Paper Structure (29 sections, 7 equations, 3 figures, 2 tables, 1 algorithm)

This paper contains 29 sections, 7 equations, 3 figures, 2 tables, 1 algorithm.

Figures (3)

  • Figure 1: Motivation Analysis: The Trap of Non-Informative Batches in Easy Queries. The figure illustrates a scenario where a task is simple enough that diverse sampled topologies (Samples 1--4, ranging from efficient chains to dense structures with redundant edges) all yield correct answers and identical rewards ($R_k=1$). (Top Right) Standard policy gradient methods like REINFORCE use raw rewards. Since $R_k \equiv 1$ across the entire group, the gradient estimation indiscriminately reinforces all sampled edges, including noise and redundancies (e.g., extra edges in S3 & S4), leading to suboptimal convergence. (Bottom Right) Our proposed Graph-GRPO addresses this by incorporating a group baseline $\mu$. In such uniform-reward scenarios, $\mu$ equals individual rewards, resulting in near-zero advantage ($A_{ij} \approx 0$). This mechanism effectively blocks parameter updates from non-informative batches, preventing the model from learning redundant structures from noise.

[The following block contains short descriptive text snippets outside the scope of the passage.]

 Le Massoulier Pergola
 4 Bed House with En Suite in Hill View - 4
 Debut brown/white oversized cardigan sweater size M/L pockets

  • Figure 2: The overall framework ofGraph-GRPO. (1) Policy Network & Construction: The module encodes agent roles and the task query using a GAT-based encoder to generate a probabilistic connectivity matrix $P_\theta$, constrained by a DAG mask to ensure acyclic flow. (2) Group Sampling (Exploration): Instead of a single estimation, we generate a group of $K$ diverse topologies via independent Bernoulli sampling. This exploration captures various structural patterns, where successful topologies receive positive rewards (Reward=1) and failures (e.g., disconnected graphs) receive zero. (3) Edge-Level Graph-GRPO: The core optimization phase. We calculate a group baseline $\mu$ and estimate the specific advantage of each target edge $e_{ij}$. Edges that result in a success rate higher than the baseline ($A_{ij} > 0$) are reinforced, iteratively updating the policy parameters $\theta$.

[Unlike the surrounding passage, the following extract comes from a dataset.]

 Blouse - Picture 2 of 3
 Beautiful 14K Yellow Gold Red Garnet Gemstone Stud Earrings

  • Figure 3: Token efficiency analysis on MMLU and GSM8K benchmarks. The bubble size represents the relative token consumption. Graph-GRPO (Red) achieves the highest accuracy (positioned furthest to the right) while maintaining a low token cost comparable to EIB-LEARNER (Purple) and G-Designer (Pink). Our method effectively suppresses redundant edges without explicit pruning constraints, achieving a superior performance-efficiency trade-off compared to complete graphs (Blue) and debate-based baselines (Brown).